The authors wished we could have included obesity index and chronotype as independent variables in our analyses of sleep quality. However, for feasibility purposes, we could not measure the anthropometric parameters of individual call handlers for calculating the obesity index or collect any data on characteristics of study participants such as chronotype (morning person and evening person) rate of shift rotation, and rest periods after shift work.

The number of female call handlers in our study was only 22%. The investigators did not anticipate this at the beginning of the study; otherwise, we could have made some changes in the methodology to get a reasonably fair representation of female call handlers. It has already been addressed as a limitation in our paper.

Since our study was cross-sectional, issue of temporality was yet another limitation in understanding the association of various factors with sleep quality of call handlers. Whether poor sleep quality preceded or succeeded these factors is thus difficult to delineate. We, therefore, need to conduct more studies to create a database for health problems among call handlers to make a strong advocacy for better understanding of sleep quality among them.

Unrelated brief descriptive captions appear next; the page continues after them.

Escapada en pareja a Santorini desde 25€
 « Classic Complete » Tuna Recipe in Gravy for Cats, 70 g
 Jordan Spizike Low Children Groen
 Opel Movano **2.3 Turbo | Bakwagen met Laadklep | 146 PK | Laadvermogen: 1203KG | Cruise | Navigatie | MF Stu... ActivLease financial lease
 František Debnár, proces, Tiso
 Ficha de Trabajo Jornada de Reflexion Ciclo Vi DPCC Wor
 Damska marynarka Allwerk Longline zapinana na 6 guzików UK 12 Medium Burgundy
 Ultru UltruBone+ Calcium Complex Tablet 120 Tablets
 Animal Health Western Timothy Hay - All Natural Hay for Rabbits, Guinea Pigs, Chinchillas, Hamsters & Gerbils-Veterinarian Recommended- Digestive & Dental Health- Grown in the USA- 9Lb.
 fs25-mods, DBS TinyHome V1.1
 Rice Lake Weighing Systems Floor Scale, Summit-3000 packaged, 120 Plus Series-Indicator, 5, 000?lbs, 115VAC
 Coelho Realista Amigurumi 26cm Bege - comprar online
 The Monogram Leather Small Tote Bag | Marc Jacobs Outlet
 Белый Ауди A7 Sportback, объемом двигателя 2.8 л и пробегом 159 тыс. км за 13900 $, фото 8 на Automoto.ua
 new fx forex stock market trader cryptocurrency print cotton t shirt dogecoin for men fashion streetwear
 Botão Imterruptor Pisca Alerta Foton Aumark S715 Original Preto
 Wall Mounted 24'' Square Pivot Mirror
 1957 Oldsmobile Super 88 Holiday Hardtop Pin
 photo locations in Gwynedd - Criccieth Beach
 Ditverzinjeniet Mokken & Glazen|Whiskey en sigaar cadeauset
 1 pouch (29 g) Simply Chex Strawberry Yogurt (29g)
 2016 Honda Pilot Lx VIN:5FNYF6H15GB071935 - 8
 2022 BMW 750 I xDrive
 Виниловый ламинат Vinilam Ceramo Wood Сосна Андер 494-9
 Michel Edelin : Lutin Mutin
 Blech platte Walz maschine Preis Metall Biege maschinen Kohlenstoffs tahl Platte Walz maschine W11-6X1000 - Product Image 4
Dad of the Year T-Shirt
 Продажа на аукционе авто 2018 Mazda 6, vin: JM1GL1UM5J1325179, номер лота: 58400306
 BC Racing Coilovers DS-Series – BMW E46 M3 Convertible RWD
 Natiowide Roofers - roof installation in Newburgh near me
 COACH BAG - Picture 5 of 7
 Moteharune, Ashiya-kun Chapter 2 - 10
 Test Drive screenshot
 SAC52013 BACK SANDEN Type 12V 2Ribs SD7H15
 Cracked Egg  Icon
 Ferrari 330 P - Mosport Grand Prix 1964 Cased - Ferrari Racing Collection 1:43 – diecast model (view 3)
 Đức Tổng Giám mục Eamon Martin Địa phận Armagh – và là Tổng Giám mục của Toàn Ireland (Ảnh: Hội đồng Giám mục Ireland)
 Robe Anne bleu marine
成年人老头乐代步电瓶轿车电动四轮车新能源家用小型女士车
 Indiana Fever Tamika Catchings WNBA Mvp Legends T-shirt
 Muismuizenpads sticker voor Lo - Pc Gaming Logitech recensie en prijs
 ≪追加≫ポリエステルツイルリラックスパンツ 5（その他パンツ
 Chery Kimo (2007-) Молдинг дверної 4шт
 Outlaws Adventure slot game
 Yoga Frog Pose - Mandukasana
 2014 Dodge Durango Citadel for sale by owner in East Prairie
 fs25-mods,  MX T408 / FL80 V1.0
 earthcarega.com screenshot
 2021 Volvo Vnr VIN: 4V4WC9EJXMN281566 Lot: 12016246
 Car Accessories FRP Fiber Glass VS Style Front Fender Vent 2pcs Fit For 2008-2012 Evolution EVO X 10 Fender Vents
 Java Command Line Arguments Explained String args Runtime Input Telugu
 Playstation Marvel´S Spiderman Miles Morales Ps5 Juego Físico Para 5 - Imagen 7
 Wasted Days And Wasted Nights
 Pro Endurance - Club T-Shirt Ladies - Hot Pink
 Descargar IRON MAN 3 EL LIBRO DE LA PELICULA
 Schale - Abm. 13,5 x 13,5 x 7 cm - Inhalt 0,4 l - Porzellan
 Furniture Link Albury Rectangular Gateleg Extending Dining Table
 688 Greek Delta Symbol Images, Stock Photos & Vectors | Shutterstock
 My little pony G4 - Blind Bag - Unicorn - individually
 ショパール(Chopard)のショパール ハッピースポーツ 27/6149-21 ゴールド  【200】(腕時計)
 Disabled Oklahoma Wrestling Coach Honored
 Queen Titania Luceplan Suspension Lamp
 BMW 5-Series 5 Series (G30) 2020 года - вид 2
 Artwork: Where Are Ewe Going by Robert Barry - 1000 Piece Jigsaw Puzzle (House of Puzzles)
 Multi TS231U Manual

Conflicts of Interest: None declared.

Jeyapal Dinesh Raja1, MD

Sanjiv Kumar Bhasin2, MD

1Department of Community Medicine, Saveetha Medical College, Saveetha University, Chennai, Tamilnadu, India

2Department of Community Medicine, University College of Medical Sciences, Delhi 110095, India

E-mail: dinsha85@gmail.com

Reference

  1. Raja JD, Bhasin SK. Sleep quality of call handlers employed in international call centers in national capital region of Delhi, India. Int J Occup Environ Med 2016;7:207-14.

Cite this article as: Kawada T, Raja JD, Bhasin SK. Predictors of poor sleep quality in call handlers. Int J Occup Environ Med 2017;8:-66.